> _PROBLEM TO SOLVE_: Copy each line below containing "Scalp".

> _RECORDS PROVIDED_:
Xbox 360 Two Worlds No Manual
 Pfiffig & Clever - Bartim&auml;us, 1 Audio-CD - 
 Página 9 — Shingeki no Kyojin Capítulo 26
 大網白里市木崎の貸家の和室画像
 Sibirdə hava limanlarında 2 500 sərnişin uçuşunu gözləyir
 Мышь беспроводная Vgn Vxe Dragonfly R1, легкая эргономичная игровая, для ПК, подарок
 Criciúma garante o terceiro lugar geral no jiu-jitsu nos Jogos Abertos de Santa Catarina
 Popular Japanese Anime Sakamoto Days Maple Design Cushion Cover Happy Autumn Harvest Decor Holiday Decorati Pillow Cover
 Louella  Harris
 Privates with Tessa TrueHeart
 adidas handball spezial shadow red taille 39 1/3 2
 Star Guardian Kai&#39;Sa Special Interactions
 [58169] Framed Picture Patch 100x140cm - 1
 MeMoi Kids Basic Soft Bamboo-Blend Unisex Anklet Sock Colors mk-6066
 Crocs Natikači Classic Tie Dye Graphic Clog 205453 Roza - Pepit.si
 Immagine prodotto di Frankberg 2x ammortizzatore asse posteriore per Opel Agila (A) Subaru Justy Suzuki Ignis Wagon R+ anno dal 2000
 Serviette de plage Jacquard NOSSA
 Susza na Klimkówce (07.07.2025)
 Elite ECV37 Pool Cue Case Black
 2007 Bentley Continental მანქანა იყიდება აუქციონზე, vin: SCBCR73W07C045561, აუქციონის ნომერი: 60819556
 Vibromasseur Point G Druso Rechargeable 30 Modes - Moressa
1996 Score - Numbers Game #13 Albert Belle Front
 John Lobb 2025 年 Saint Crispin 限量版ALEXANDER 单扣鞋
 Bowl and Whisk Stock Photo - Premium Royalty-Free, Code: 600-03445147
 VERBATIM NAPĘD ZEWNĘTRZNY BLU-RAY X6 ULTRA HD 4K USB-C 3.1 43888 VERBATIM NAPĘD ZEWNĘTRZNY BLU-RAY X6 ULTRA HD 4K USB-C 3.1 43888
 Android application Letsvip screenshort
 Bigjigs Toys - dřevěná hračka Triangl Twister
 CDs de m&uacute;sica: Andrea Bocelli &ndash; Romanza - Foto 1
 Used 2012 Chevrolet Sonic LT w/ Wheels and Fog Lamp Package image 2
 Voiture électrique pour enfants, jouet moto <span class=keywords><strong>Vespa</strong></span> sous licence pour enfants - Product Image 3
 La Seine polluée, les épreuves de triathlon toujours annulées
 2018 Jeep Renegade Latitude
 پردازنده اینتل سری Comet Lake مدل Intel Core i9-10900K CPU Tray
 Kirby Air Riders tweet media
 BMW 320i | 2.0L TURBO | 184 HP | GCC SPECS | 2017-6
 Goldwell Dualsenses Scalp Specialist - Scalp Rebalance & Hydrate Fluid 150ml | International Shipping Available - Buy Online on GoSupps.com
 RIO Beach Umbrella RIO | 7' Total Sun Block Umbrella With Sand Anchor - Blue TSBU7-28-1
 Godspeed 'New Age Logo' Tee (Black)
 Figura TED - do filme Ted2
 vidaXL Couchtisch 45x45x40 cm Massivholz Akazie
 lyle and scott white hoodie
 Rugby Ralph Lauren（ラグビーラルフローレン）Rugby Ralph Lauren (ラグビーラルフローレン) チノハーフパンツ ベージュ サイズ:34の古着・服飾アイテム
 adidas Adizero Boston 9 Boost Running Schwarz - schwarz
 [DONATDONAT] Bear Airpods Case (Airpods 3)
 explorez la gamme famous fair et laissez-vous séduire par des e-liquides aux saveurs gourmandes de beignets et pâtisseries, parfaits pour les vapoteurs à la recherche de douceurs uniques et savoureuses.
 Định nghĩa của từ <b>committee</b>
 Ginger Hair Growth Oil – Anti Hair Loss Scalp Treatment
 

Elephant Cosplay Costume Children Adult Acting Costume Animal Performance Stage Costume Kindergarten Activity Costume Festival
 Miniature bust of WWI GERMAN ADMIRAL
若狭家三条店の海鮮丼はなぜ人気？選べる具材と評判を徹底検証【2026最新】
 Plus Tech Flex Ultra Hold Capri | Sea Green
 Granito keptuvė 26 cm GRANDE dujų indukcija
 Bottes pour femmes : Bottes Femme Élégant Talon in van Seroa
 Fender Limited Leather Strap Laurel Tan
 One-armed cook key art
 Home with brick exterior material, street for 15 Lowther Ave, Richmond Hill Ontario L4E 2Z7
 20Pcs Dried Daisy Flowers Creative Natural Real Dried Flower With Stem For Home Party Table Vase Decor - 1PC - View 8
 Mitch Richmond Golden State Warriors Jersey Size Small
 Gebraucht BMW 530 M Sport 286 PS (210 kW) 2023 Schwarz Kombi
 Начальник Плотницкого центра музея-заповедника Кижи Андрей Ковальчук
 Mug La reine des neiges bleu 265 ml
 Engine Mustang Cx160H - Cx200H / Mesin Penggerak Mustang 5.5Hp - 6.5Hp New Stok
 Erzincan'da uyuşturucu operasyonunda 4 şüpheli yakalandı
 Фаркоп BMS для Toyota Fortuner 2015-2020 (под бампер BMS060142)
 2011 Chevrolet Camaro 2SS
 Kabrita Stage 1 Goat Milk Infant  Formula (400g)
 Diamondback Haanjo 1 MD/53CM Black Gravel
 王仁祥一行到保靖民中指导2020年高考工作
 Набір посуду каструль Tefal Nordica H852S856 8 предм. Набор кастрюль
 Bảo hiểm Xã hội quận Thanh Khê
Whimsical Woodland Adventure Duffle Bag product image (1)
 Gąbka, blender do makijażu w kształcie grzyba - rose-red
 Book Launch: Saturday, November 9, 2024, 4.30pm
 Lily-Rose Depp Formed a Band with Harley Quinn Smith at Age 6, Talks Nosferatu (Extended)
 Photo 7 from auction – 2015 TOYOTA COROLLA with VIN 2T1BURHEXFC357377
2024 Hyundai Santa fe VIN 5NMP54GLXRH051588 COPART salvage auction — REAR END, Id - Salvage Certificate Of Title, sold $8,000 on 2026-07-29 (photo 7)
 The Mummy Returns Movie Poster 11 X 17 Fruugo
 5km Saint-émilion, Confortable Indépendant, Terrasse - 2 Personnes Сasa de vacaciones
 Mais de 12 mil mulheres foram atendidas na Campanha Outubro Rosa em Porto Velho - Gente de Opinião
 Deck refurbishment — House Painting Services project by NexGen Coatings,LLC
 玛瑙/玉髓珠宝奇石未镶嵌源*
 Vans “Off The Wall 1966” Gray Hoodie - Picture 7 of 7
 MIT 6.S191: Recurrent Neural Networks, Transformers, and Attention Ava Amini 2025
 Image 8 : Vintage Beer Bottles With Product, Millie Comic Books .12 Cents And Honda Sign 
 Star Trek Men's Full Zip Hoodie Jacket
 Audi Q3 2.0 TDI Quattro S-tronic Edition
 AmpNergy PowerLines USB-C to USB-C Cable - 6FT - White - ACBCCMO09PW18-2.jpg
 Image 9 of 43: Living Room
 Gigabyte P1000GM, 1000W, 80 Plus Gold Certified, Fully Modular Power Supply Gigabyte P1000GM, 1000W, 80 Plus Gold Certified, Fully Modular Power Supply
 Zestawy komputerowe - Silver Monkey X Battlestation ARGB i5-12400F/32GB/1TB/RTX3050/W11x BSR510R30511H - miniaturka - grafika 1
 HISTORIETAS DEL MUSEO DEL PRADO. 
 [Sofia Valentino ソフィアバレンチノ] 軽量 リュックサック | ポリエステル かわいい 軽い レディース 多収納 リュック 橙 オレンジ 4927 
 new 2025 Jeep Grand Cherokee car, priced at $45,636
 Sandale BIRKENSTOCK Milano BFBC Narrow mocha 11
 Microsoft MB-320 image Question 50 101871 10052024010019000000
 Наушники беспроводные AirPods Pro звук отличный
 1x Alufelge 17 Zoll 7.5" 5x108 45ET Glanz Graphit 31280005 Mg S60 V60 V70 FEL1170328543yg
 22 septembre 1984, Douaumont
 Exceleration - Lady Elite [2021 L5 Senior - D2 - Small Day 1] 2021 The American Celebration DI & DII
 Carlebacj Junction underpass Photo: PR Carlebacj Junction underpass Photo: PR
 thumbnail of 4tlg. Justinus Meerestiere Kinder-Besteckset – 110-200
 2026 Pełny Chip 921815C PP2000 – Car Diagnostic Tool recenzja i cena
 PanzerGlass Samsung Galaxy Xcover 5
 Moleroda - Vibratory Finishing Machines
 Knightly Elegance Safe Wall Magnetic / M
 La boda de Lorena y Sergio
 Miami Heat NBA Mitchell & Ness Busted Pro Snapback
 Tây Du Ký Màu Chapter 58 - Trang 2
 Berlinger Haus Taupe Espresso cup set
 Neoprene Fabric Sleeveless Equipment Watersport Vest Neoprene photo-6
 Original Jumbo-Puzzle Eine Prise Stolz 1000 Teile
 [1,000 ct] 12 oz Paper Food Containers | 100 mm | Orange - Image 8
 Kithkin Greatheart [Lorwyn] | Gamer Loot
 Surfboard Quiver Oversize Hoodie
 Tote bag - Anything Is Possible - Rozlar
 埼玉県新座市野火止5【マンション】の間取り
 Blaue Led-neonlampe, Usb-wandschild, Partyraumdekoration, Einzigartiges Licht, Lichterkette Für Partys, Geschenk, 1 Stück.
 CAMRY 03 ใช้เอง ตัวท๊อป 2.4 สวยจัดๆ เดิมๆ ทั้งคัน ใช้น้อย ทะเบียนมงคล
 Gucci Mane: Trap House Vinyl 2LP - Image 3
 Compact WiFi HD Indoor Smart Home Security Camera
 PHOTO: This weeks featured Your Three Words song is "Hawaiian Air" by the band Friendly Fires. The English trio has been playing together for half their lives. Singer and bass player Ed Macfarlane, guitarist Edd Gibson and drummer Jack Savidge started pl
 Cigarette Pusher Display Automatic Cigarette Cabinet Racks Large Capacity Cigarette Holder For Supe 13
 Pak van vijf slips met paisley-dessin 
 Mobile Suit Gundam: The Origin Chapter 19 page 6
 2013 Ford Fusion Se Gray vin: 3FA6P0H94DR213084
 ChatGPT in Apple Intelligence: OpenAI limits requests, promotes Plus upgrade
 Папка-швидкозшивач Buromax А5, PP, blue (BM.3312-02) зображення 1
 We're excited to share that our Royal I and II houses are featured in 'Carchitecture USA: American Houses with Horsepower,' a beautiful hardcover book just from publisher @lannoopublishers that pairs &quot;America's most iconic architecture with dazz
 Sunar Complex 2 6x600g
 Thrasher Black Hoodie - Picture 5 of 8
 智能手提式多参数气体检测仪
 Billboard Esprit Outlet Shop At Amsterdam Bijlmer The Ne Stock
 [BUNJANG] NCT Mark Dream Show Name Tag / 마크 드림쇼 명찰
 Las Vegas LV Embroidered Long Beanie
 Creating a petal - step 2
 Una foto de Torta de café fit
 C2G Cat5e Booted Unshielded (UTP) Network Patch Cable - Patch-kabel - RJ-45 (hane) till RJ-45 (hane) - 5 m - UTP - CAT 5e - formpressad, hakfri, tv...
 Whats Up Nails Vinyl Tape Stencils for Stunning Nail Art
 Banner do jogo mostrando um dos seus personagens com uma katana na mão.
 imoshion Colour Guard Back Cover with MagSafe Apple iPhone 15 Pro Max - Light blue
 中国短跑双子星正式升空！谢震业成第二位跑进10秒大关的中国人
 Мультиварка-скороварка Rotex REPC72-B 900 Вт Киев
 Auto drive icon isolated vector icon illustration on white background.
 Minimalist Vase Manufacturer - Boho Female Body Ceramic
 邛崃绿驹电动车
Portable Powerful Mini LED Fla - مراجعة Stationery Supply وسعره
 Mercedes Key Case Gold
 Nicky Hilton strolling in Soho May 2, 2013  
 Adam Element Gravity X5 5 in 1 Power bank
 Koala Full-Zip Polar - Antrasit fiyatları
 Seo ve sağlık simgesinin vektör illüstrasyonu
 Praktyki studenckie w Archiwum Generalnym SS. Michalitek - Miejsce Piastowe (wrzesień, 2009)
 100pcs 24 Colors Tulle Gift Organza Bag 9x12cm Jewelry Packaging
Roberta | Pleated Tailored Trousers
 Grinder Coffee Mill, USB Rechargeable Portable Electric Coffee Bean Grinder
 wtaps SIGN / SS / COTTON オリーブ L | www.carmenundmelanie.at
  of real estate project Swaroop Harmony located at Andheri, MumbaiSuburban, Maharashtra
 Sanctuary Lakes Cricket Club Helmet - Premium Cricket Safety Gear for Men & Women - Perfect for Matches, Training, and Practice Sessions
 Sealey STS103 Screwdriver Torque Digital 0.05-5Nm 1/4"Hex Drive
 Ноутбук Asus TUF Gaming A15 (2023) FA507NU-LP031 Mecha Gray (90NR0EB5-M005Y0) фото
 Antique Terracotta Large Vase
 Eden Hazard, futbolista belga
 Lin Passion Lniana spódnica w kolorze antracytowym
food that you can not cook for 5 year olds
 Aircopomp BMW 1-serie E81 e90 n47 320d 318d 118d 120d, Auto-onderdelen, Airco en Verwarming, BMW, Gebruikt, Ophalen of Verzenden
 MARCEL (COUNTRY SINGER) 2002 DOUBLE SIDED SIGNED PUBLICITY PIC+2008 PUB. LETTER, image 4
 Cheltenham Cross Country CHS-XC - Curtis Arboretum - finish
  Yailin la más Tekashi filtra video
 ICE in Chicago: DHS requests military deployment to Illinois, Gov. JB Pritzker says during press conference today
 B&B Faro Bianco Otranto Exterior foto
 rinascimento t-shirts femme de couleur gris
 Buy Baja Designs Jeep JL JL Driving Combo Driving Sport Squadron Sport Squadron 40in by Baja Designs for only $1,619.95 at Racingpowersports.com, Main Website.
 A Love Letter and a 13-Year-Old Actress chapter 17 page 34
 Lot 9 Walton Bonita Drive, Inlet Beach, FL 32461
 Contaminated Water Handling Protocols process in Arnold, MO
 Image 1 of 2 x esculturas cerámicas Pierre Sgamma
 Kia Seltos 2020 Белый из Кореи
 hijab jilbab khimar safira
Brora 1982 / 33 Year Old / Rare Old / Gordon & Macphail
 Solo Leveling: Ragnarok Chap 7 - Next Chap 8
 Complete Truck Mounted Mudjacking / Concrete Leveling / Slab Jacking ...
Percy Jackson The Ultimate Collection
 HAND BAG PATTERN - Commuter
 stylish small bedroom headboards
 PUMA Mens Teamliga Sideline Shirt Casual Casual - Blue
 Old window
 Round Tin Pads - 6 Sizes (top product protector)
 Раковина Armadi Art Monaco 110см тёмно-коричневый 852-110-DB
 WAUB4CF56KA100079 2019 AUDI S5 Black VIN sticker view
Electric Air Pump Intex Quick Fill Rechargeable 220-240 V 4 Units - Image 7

> _SOLVED PROBLEM_:
 Goldwell Dualsenses Scalp Specialist - Scalp Rebalance & Hydrate Fluid 150ml | International Shipping Available - Buy Online on GoSupps.com
 Ginger Hair Growth Oil – Anti Hair Loss Scalp Treatment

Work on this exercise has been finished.